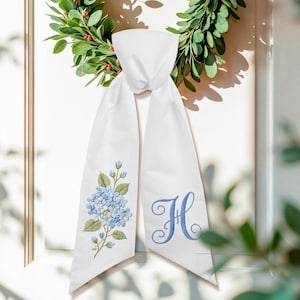 May include: White sash with blue embroidered hydrangea and the letter "H". The sash is hanging on a white door with a green wreath in the background. The hydrangea has blue petals and green leaves.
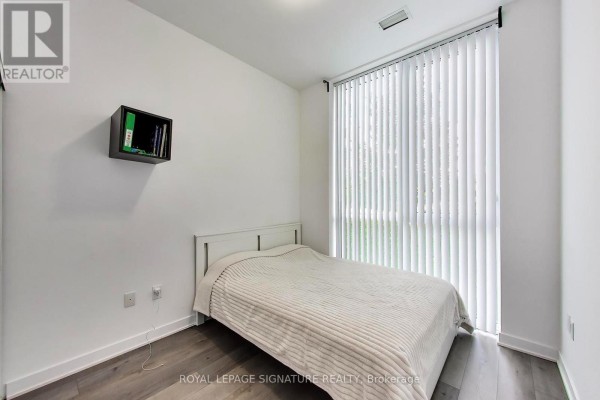 Bedroom with a queen-sized bed, white bedding, and vertical blinds covering a large window. - 105 - 60 Honeycrisp Crescent, Vaughan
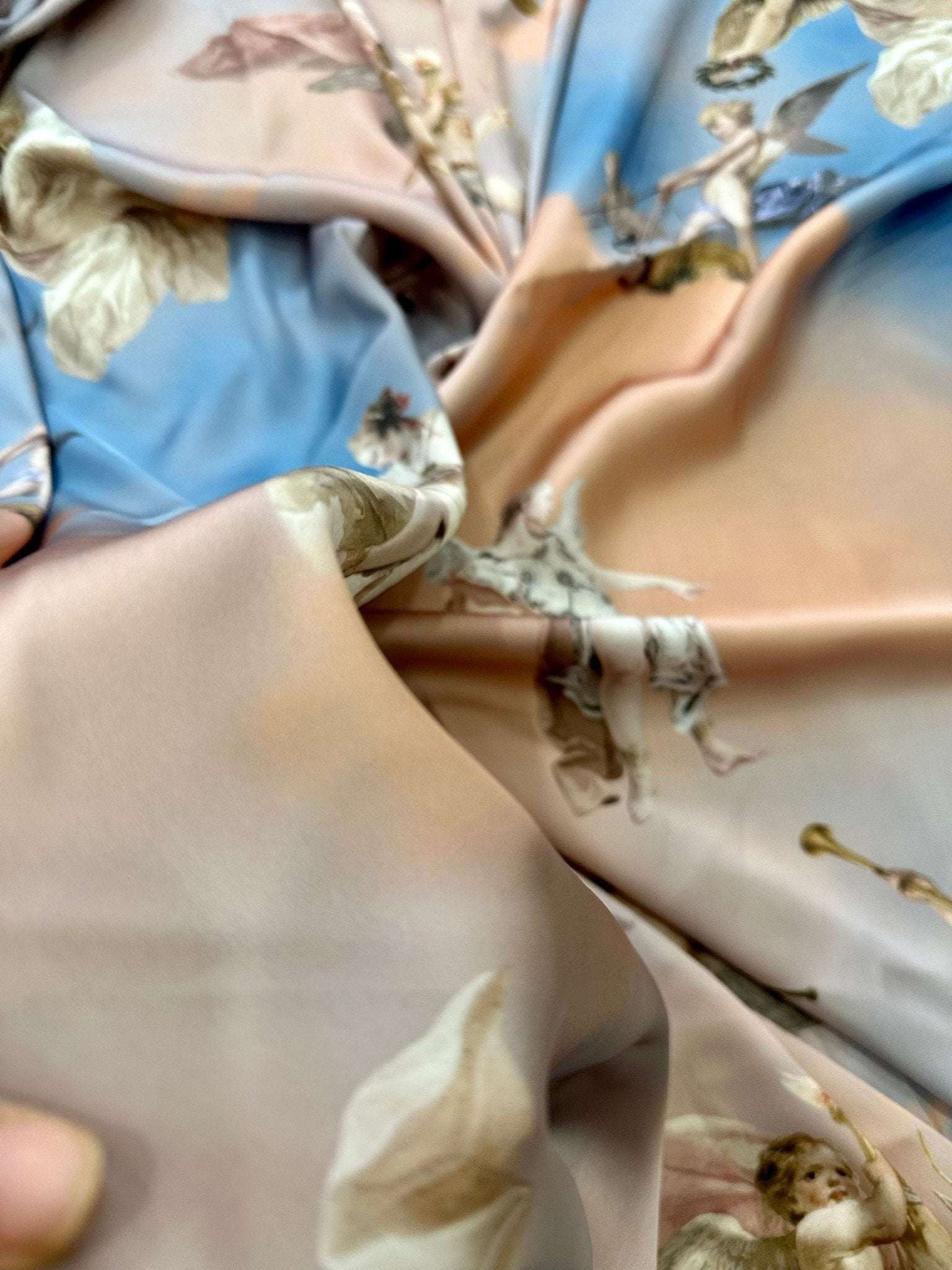 Soft angel print fabric in sky blue and pastel tones with whimsical cloud and cherub designs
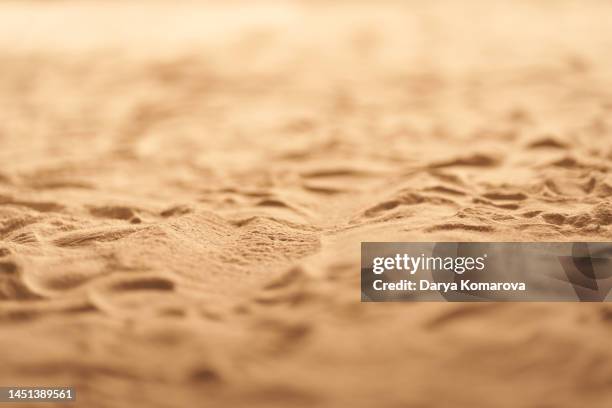 selective focus of sand on the coast, front view of yellow sand with a copy space. - areia - fotografias e filmes do acervo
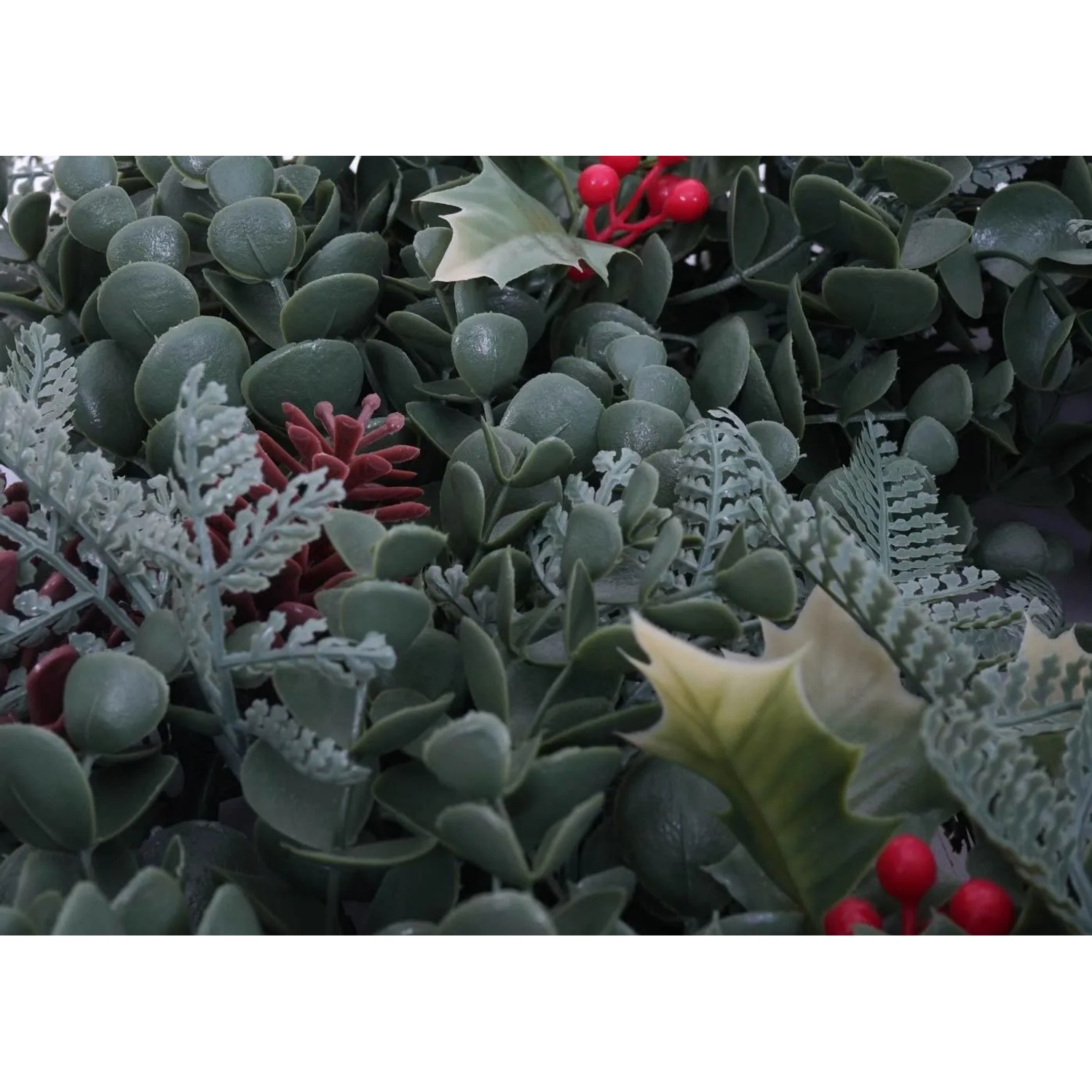 Detailansicht eines künstlichen Weihnachtskranzes mit grünen Blättern, roten Beeren und kleinen Zapfen.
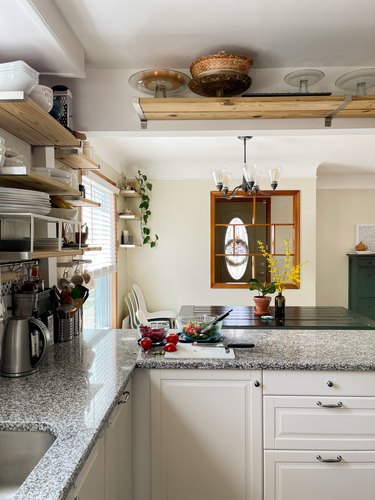 Summar Saad kitchen with white cabinets open shelving and granite countertops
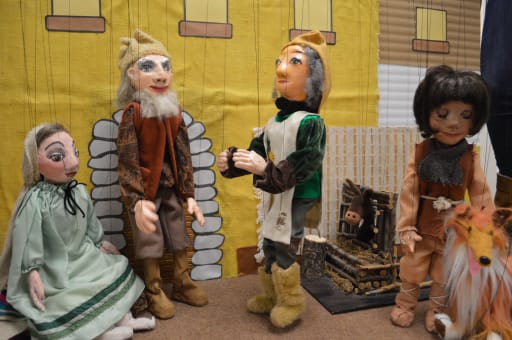 two rustic character marionettes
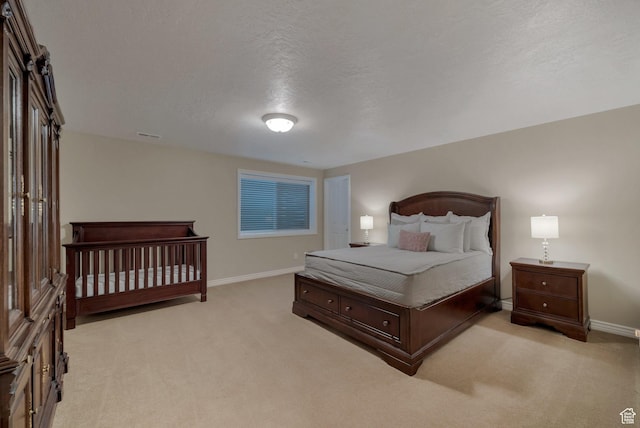 6192 W Ridge Rd, Highland, UT 84003 - bedroom with light colored carpet, baseboards, and a textured ceiling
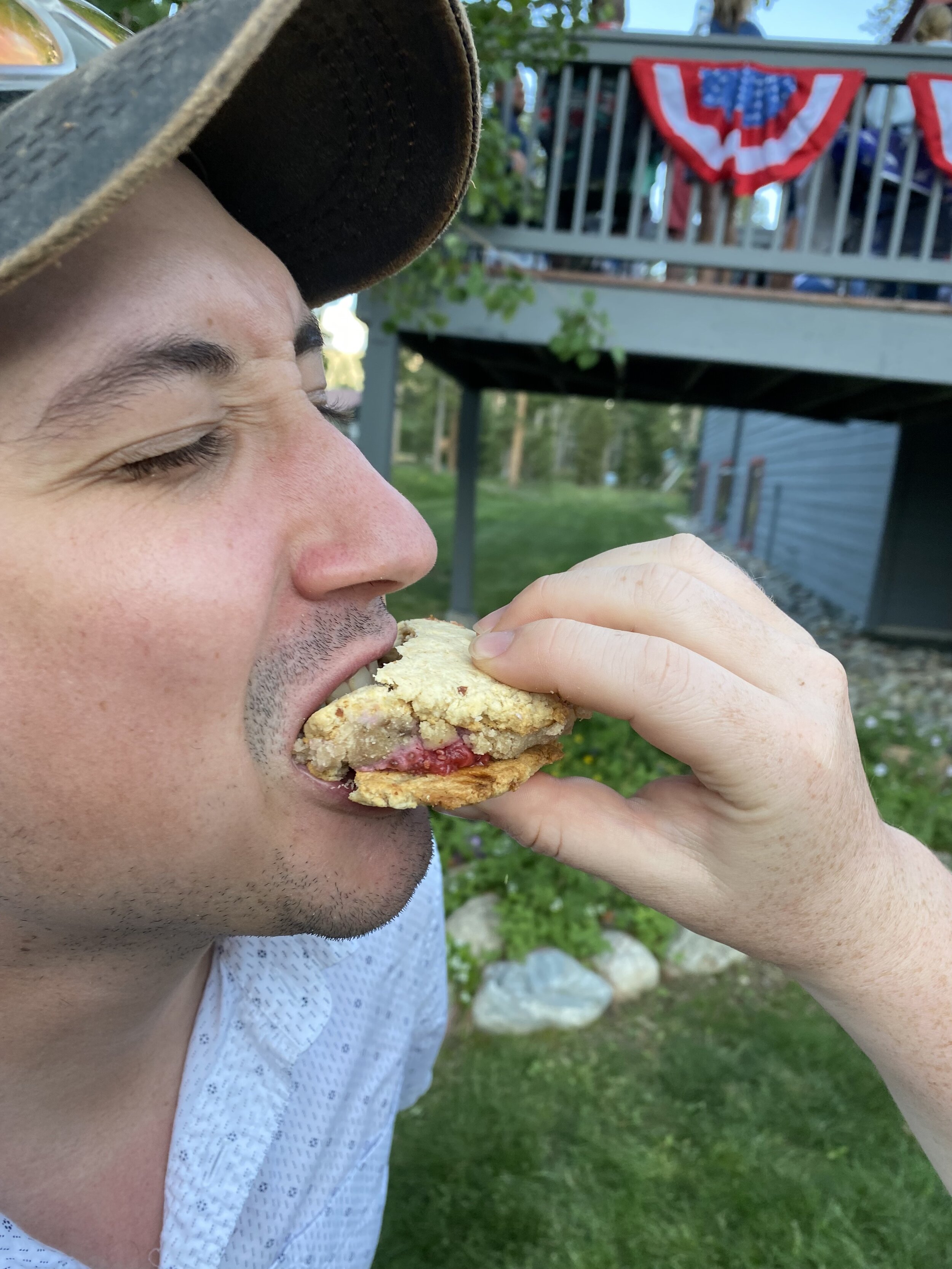 Alex opening his mouth for a bite of cookie dough sandwich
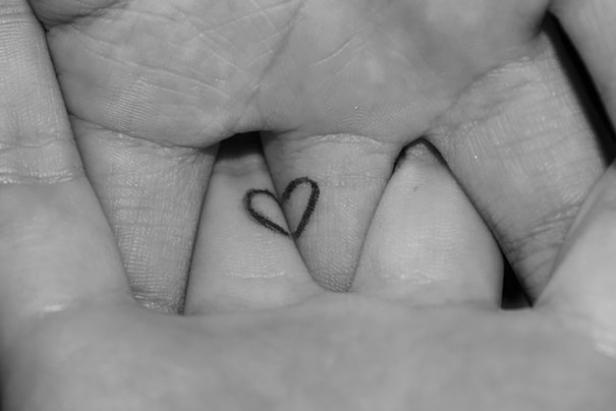 Ein kleines Herz-Tattoo zwischen zwei Fingern.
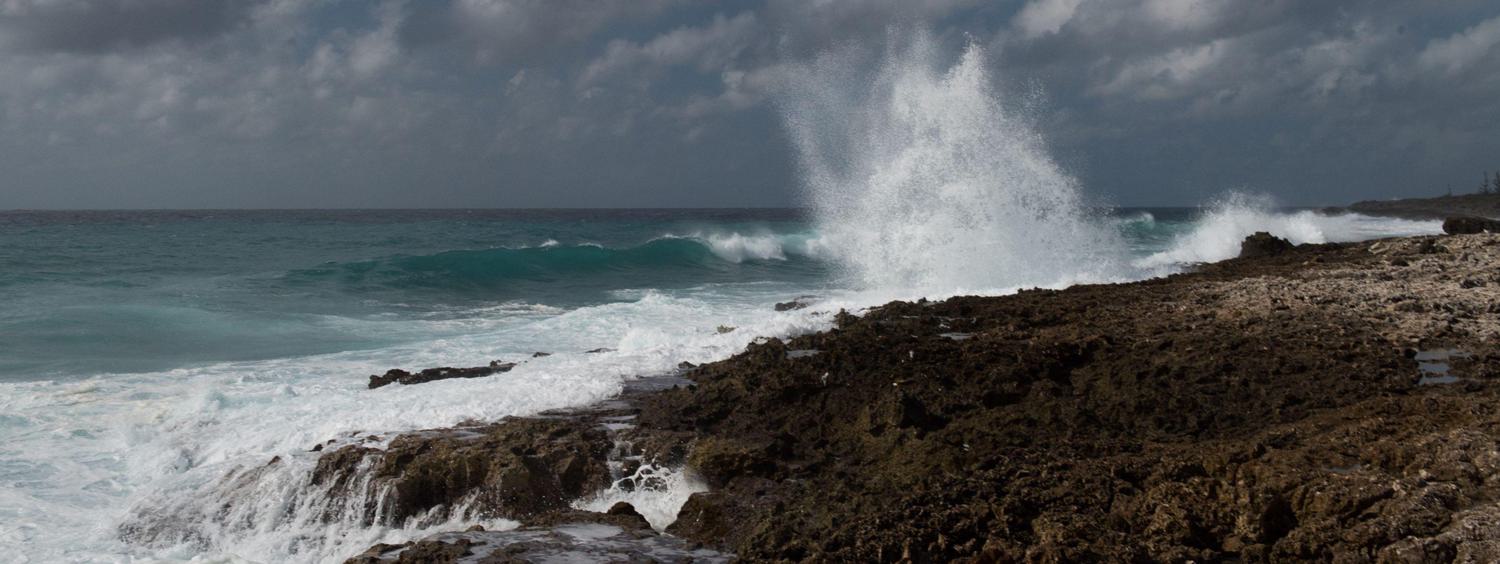 Waves crashing against rocks in the Cayman Islands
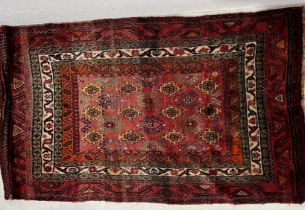 A hand woven Eastern red ground rug. 145cm x 240cm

-------------------------

Task directions: Copy out the listing above exactly, and keep the pictures out of it.

Result below:
 May include: White sash with blue embroidered hydrangea and the letter "H". The sash is hanging on a white door with a green wreath in the background. The hydrangea has blue petals and green leaves.
 Bedroom with a queen-sized bed, white bedding, and vertical blinds covering a large window. - 105 - 60 Honeycrisp Crescent, Vaughan
 Soft angel print fabric in sky blue and pastel tones with whimsical cloud and cherub designs
 selective focus of sand on the coast, front view of yellow sand with a copy space. - areia - fotografias e filmes do acervo
 Detailansicht eines künstlichen Weihnachtskranzes mit grünen Blättern, roten Beeren und kleinen Zapfen.
 Summar Saad kitchen with white cabinets open shelving and granite countertops
 two rustic character marionettes
 6192 W Ridge Rd, Highland, UT 84003 - bedroom with light colored carpet, baseboards, and a textured ceiling
 Alex opening his mouth for a bite of cookie dough sandwich
 Ein kleines Herz-Tattoo zwischen zwei Fingern.
 Waves crashing against rocks in the Cayman Islands
 A hand woven Eastern red ground rug. 145cm x 240cm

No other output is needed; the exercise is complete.